I think you missed my point or maybe I'm just not helping you at all. YOu sound really angry. It must be a very difficult situation you are in.
But you may be telling him exactly what you told me but delivery may be wrong? ARe you angry when you talk to him? Do you sound angry? Did he actually come out and say LL I really loved talking to the ow, I could hug on her, call her all the time just to talk, etc?
He must feel very inadequate in all areas except for sex. Most of us tend to gravitate toward what we do best so we don't feel bad about ourselves. Thus his preoccupation with sex.
Since he's moved home, you've only had one talk about your expectations? Maybe to revisit them would not be so bad...to at least tell him again how you need certain things from him.
I think your request of him are too vague (well some are) and they probably be need to be shorter and to the point such as "Let go to the movies every Monday night" or "I would like for us to go to the mall together on Saturdays"...men who are avoiders tend to respond better to action type requests versus something they have to put together themselves. oh I know that puts you doing all the work so how about asking him to select a restaurant and activity (such as play pool) every Friday night.
Assumptions are perpetuated since childhood, you've probably developed some from past relationships or even from the one your parents had...and they act like filters to what you hear or what is done to you. Some assumptions are: I must have everyone's love and approval, It's somebody else's fault, you can have it all, you are only as good as what you do...to name a few and I'm NOT saying these are yours just copying from the book.

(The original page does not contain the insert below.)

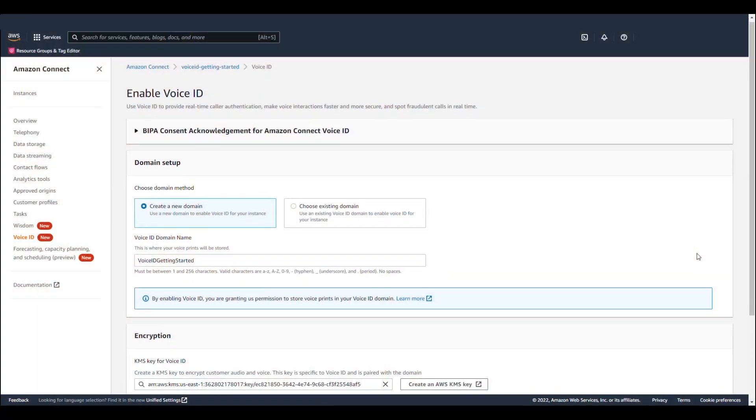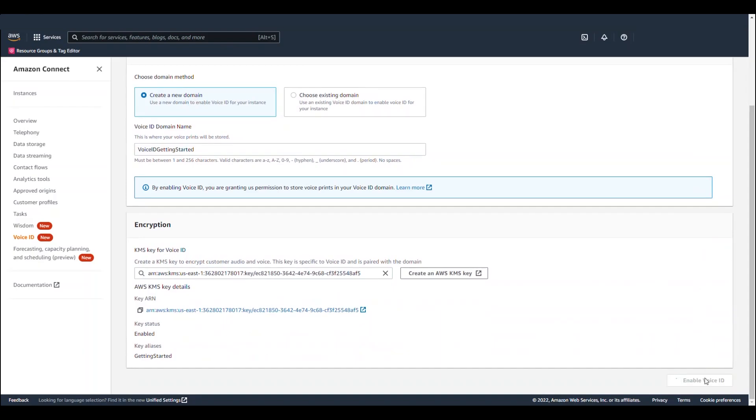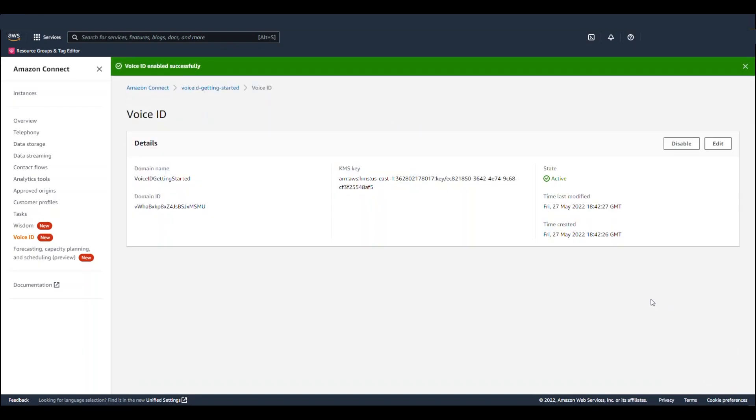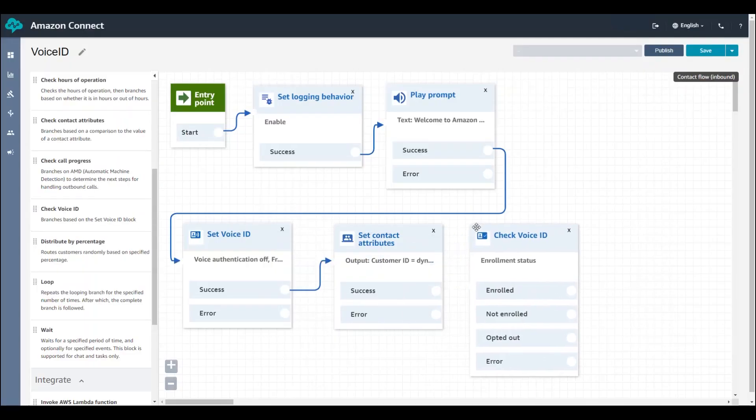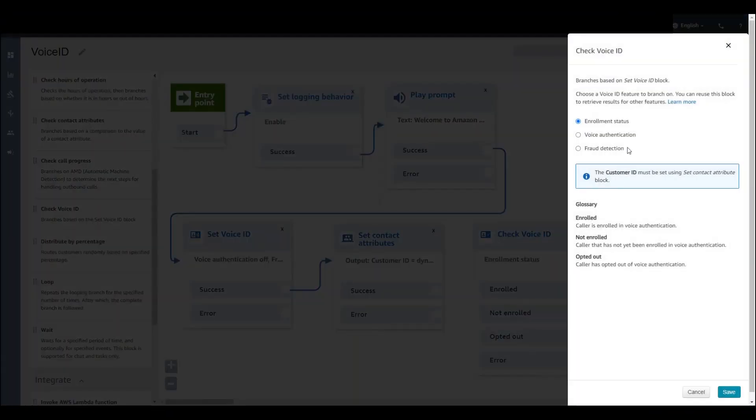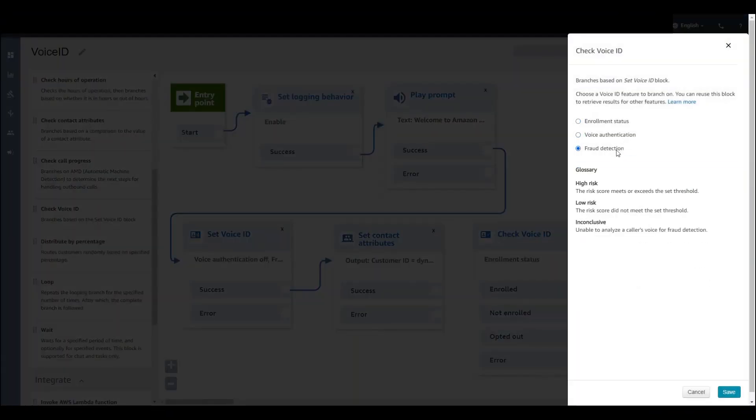That wraps up this demo. You can easily set up and configure voice biometrics for your Amazon Connect instance. To do so, first enable Voice ID in the AWS console for your Amazon Connect instance, and then configure authentication and fraud risk detection using the drag-and-drop functionality of contact flow blocks. For more information, please visit aws.com/connect/voiceID, or reach out to your AWS sales specialist.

I know you know your h is not like you but do you really NOT apply this assumption. In other words lets say that you've never been unfaithful but your h has...so in conversations where he's asking you where you've been, who you been with...your assumption that my h should know I'm faithful would kick in and you'd start getting angry, your answers to his questions more vague because you feel as though it is an attack on your faithfulness to him. When in reality it may just be his insecurities not necessarily the fact that he thinks you are unfaithful. Make sense? (and please don't think I'm accusing you of being unfaithful!!!!)
I'm not saying either that your h is getting his message to you correctly or even compassionately...I was trying to challenge your way of thinking so that your approach could change up a bit.
I guess you could have just told me to piss off! Sorry if I was not helpful at all. I'll refrain from further comment. No need to reply to this if this info is not helpful to you in anyway.